--- START ---

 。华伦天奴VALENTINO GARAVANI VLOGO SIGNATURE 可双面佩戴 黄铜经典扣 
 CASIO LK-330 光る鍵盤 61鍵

--- END ---
--- START ---

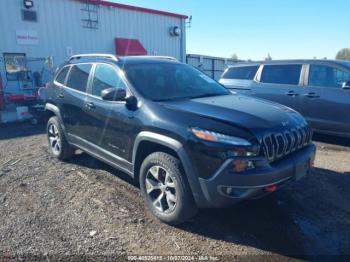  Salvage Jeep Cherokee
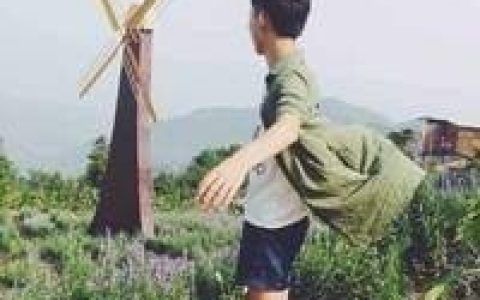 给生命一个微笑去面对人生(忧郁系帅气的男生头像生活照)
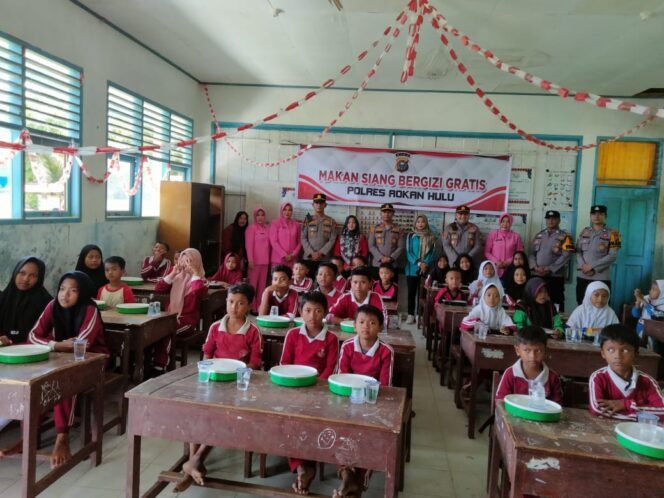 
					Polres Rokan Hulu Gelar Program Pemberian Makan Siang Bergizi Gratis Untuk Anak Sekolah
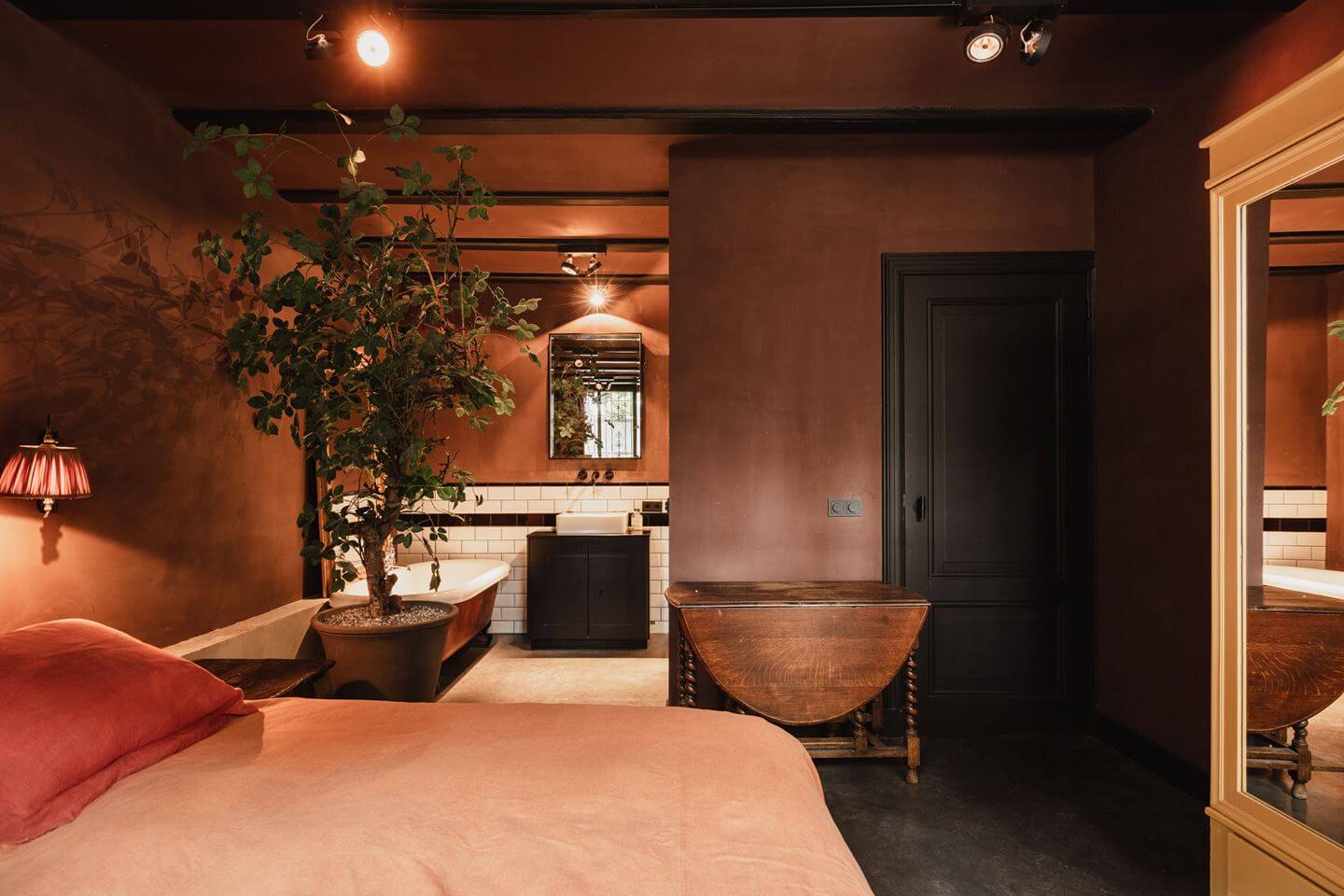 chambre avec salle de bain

--- END ---

_ABOUT THIS TASK_: Above are the records; return the lines in them from the one with "Salvage Jeep Cherokee" to the one with "chambre avec salle de bain", inclusive, exactly and without images.

_EXERCISE ANSWER_:
  Salvage Jeep Cherokee
 给生命一个微笑去面对人生(忧郁系帅气的男生头像生活照)
					Polres Rokan Hulu Gelar Program Pemberian Makan Siang Bergizi Gratis Untuk Anak Sekolah
 chambre avec salle de bain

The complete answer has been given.